Kiew/München – Die Böden sind übersät mit Holzsplittern und Trümmerteilen. Bilder der ostukrainischen Region Donezk zeigen von Granaten getroffene Wohnräume und ganze Wohnhäuser, die in Schutt und Asche liegen. Dass dort einmal Leben stattgefunden hat, ist nur noch schwer vorstellbar.
Genau in dieser Region hat im März auch Alexander Ketov (Foto) – wie viele andere Menschen im umkämpften Donbass – ein Familienmitglied verloren. Seither trauert er um seinen älteren Bruder Evgeny.
Die Situation im Osten der Ukraine ist bereits seit acht Jahren äußerst angespannt. Doch seit Beginn des russischen Angriffskrieges am 24. Februar hat sich die Situation im Donbass weiter verschärft. Der ukrainische Präsident Wolodymyr Selenskyj findet dafür keine andere Umschreibung als „die Hölle“. „Die Besatzer versuchen, den Druck im Donbass weiter zu erhöhen. Es ist die Hölle, und das ist keine Übertreibung“, sagte Selenskyj in seiner jüngsten Videoansprache.
Der Donbass, zu dem die Regionen Donezk und Luhansk gehören, kann als Ursprung des Kriegs in der Ukraine gesehen werden. Bereits im April 2014 riefen pro-russische Separatisten dort die unabhängigen „Volksrepubliken“ Luhansk und Donezk aus. Gewaltsam versuchten die Separatisten, die Gebiete von der Ukraine loszulösen – unterstützt vom russischen Militär. Vor drei Monaten, am 21. Februar, erkannte der russische Machthaber Wladimir Putin diese Gebiete dann als eigenständige Staaten an und schickte russische Truppen dorthin. Drei Tage später begann der Angriff auf die Ukraine.
Und noch immer halten die Kämpfe im Donbass an. Nach Angaben des Gouverneurs der Region Donezk, Pawlo Kyerylenko, wurden am Donnerstag bei weiteren Angriffen fünf Zivilisten getötet. In der Region Luhansk sind Sewerodonezk und Lysytschansk, die letzten zwei Städte unter ukrainischer Kontrolle, nahezu umzingelt und werden heftig bombardiert, wie die Agentur AFP berichtet. Laut den Behörden in Luhansk sind zwölf Tote und 40 Verletzte zu beklagen.
An der Grenze zum Donbass gibt es demnach auch heftige Kämpfe kurz vor der Kleinstadt Bachmut. Diese gilt als ein weiteres strategisches Ziel der russischen Angriffe.
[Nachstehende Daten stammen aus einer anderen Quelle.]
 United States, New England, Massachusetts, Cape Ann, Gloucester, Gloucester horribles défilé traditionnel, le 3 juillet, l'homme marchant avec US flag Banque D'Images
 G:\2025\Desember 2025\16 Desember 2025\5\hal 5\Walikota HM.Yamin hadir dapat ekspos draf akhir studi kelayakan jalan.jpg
Erfolge hätten die russischen Truppen jedoch wenige erzielt, heißt es in einem Lagebericht der Ukraine. Insgesamt sollen 14 Attacken in Donezk und Luhansk abgewehrt worden sein.
Moskau zeichnet indes in seiner für den Kreml schleppend verlaufenden Offensive ein anderes Bild: „Die Befreiung der Volksrepublik Luhansk ist fast abgeschlossen“, sagte Verteidigungsminister Sergej Schoigu am Freitag im Staatsfernsehen.
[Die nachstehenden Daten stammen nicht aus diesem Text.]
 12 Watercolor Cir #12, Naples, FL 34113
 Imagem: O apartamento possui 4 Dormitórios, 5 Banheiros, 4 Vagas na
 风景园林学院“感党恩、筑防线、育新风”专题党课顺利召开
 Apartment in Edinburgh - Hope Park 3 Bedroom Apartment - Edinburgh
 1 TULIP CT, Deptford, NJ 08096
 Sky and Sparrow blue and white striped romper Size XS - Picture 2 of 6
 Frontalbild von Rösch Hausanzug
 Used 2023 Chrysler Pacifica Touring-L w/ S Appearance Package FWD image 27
Dazu passten die Nachrichten, die Moskau am Freitagabend über die Hafenstadt Mariupol verbreitete. Das Verteidigungsministerium erklärte, alle Kämpfer in dem belagerten Stahlwerk Azov-stal hätten sich ergeben. Das Werk war der letzte Teil von Mariupol, der noch nicht komplett unter russischer Kontrolle gewesen war. Am Freitag kam nach Angaben des Ministeriums die letzte Gruppe von 531 Kämpfern in Gefangenschaft. Der Kommandeur des Asow-Regiments sei in einem speziellen gepanzerten Fahrzeug abtransportiert worden.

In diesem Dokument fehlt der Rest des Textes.